# Can't access website using IP Address



## NolanJB

I am a network operator for a church and I am trying to solve a problem as to why they cannot access their website at the church but can access it anywhere else.

I tried to access the website using the ip address to it, but it does not work. The 'Page cannot be found' page comes up and in the title bar it says 'HTTP 400 - Bad Request'. This problem happens whether you're at the church or not.

Does anyone have any ideas as to why you can't access the website using the ip address?

The website is http://www.fbc-fortsmith.org
The ip address for the site is http://66.216.186.2/


----------



## Wozer

because the IP address 'hosts' the website...by using the IP addy you are trying to access the computer, not the web page...at least that's the way my rather uneducated brain spells it out...


----------



## NolanJB

The IP address is the actual address of the URL. The name 'fbc-fortsmith.org' is actually '66.216.186.2'. It's just an easier way to remember the website instead of having to remember all those numbers.

Like Google.com

This will take you to the Google home page http://www.google.com
This will also take you to the Google home page http://216.239.57.99/

So 66.216.186.2 should take you to www.fbc-fortsmith.org

But it doesn't...

One thing I didn't mention... The webmaster for that website just changed web companies for that site. This may have something to do with it, but I don't know what... Any Ideas?


----------



## BMR777

> One thing I didn't mention... The webmaster for that website just changed web companies for that site.
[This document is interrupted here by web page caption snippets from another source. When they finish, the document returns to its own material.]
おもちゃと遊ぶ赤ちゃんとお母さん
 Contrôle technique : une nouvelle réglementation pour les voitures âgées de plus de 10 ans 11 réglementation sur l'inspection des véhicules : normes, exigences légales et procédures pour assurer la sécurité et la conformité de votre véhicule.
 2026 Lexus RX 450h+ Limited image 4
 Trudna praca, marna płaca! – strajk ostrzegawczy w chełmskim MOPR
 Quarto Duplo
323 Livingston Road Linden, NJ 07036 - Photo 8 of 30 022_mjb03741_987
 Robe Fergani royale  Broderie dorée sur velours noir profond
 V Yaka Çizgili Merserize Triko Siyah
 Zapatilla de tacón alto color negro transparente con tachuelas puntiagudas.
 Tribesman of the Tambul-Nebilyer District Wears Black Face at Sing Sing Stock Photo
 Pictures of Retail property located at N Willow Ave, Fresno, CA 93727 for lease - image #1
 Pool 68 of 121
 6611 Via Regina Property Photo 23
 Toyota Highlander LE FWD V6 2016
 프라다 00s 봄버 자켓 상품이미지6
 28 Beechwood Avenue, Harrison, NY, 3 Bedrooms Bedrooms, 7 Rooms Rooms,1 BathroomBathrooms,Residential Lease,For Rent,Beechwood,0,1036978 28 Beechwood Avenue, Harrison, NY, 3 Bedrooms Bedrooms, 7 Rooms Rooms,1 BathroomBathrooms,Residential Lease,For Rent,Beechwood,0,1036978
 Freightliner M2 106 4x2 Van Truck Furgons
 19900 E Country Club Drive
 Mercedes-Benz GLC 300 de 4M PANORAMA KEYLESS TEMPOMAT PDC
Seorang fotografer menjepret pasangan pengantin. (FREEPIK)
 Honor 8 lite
Well, this makes me think that the new company may be hosting the site, and they may have forwarded the domain name to the new host. Maybe make sure that the domain name is pointed at the IP address.

Also, I clicked the "Powered by Intellisite" at the bottom of the page, and I clicked "Solutions for Churches". Here is what I got:

http://www.christianchurchwebsites.com/

You will notice:


> Hosting – We host your website at our state-of-the-art facilities.


Also, what are you using to serve the webpage? IIS or third party app? Also, do you have a server or just a PC acting as a server?

Hope it helps
BMR777


----------



## LoneWolf071

so if i am to understand it, the website that hosts the site can't connect to itself?


----------